(Your instructions) Give exactly the lines from the one that contains "1901 S PCGS MS 62 $10.00 LIB Gold" through the end of the entries below, both included; the pictures stay out.

(Supplied records)
┌──

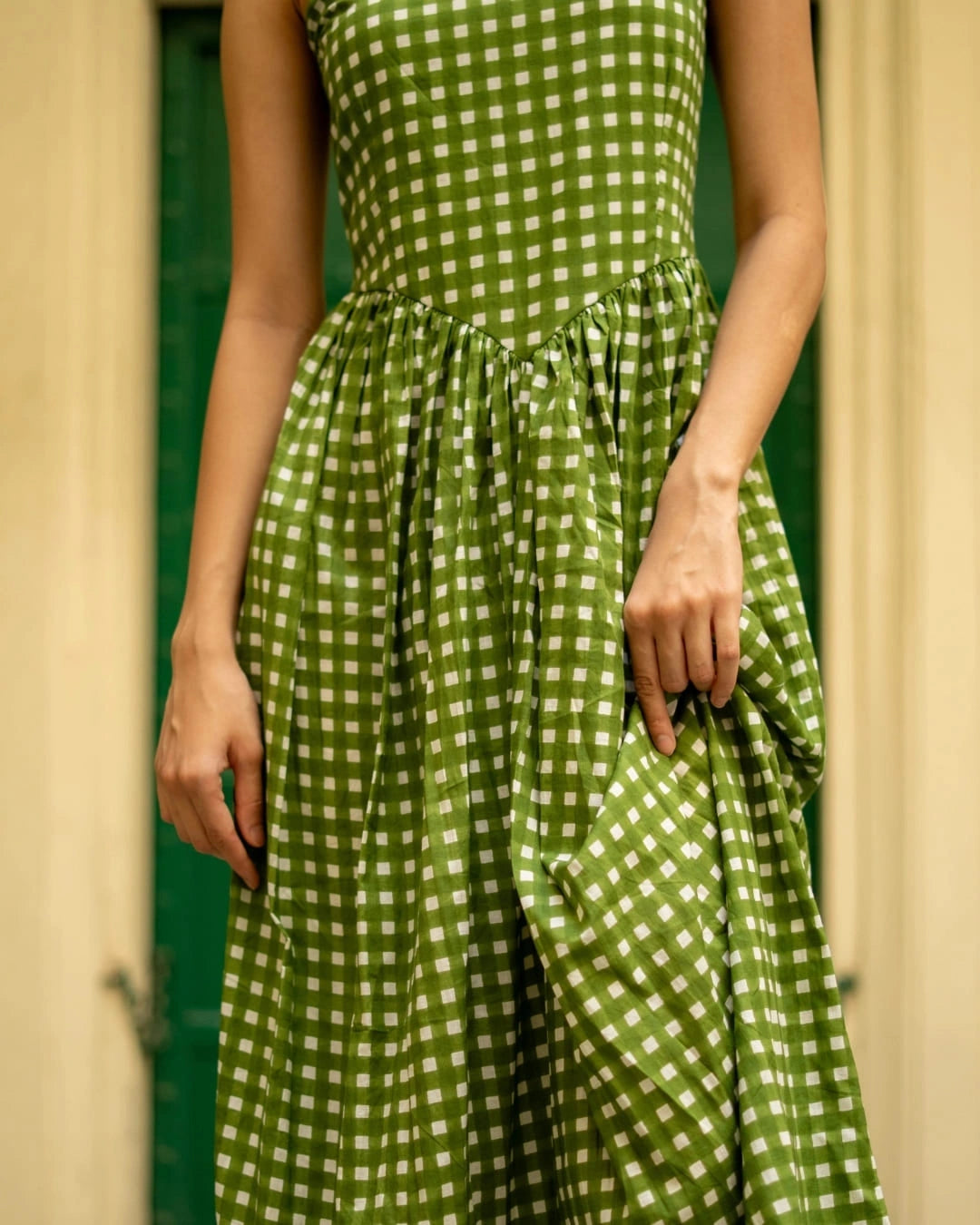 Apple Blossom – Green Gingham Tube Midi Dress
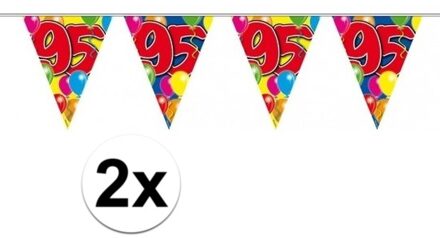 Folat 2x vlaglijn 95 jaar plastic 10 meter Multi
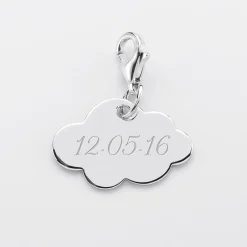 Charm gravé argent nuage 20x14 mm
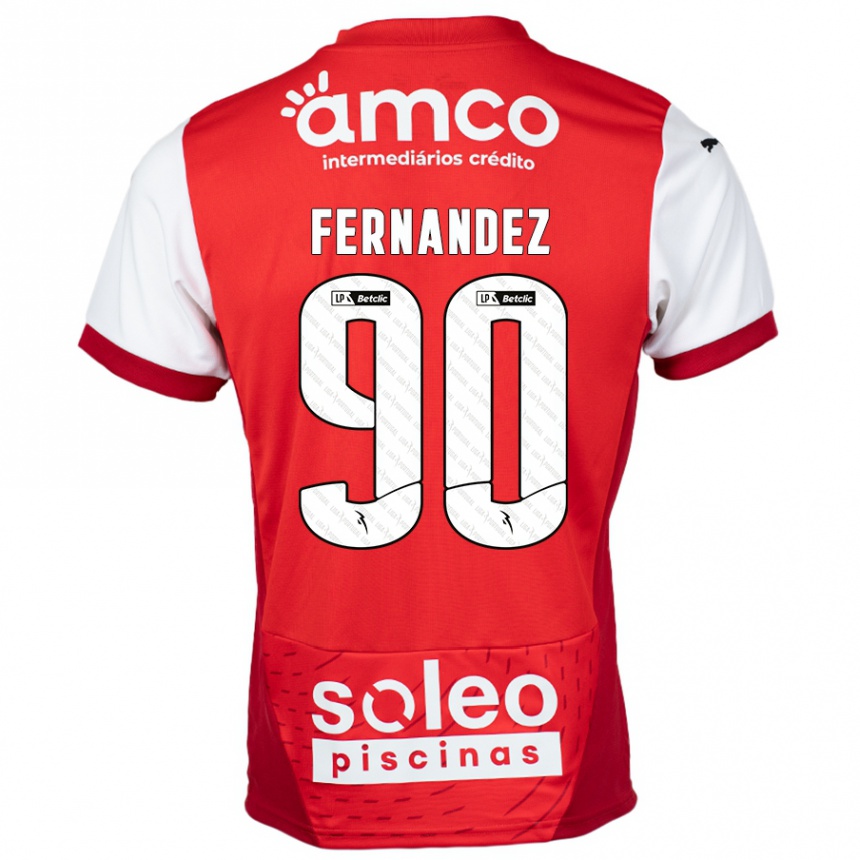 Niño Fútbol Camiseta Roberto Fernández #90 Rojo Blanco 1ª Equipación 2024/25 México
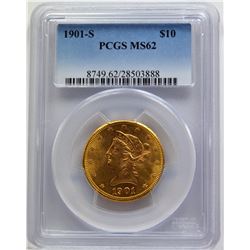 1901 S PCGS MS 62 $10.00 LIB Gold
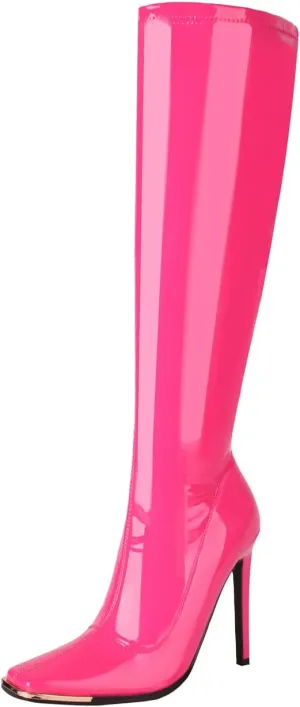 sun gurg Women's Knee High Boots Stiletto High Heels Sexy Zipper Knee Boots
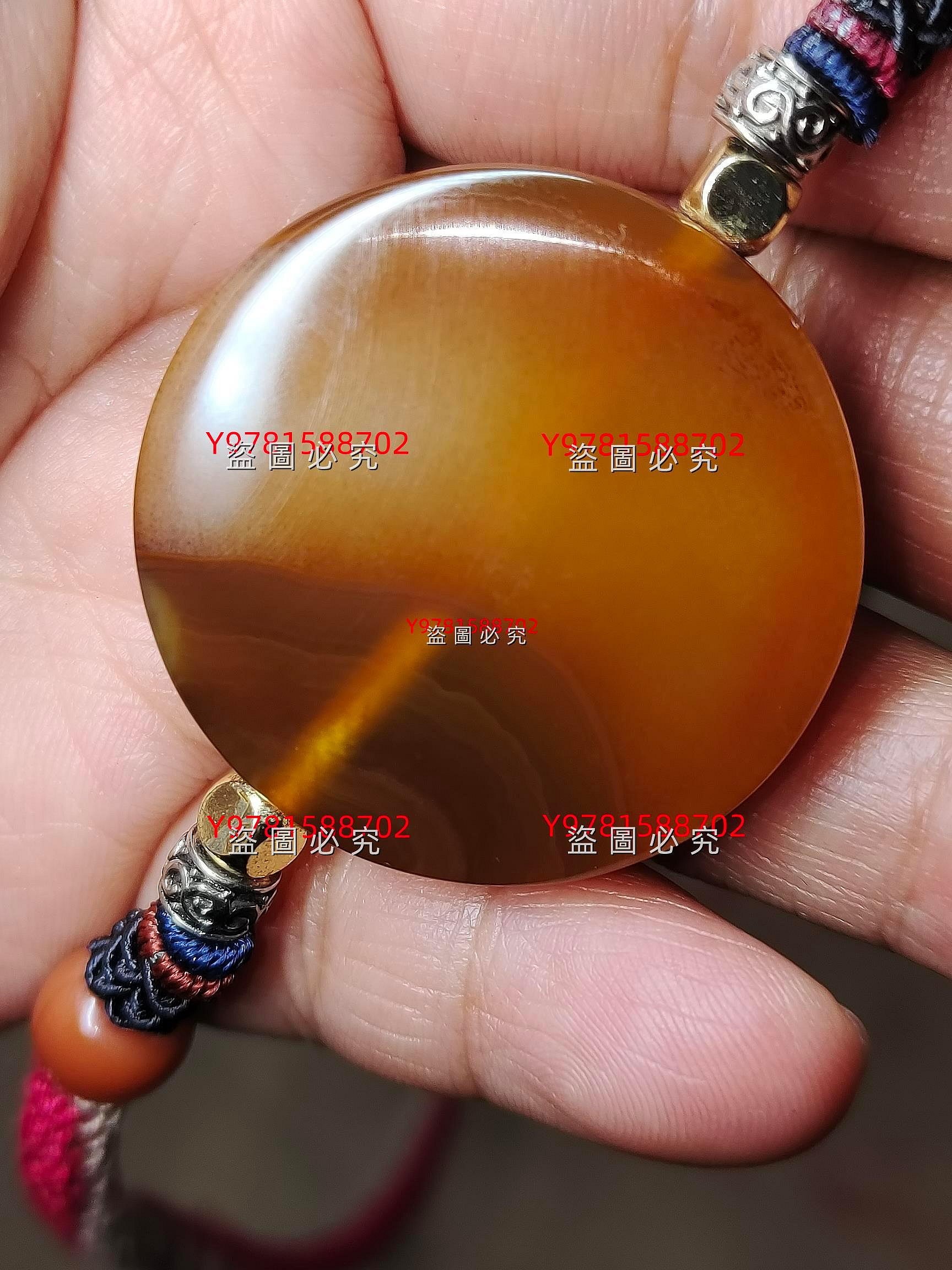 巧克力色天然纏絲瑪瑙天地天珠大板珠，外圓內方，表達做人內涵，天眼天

└──

(Solution)
 1901 S PCGS MS 62 $10.00 LIB Gold
 sun gurg Women's Knee High Boots Stiletto High Heels Sexy Zipper Knee Boots
 巧克力色天然纏絲瑪瑙天地天珠大板珠，外圓內方，表達做人內涵，天眼天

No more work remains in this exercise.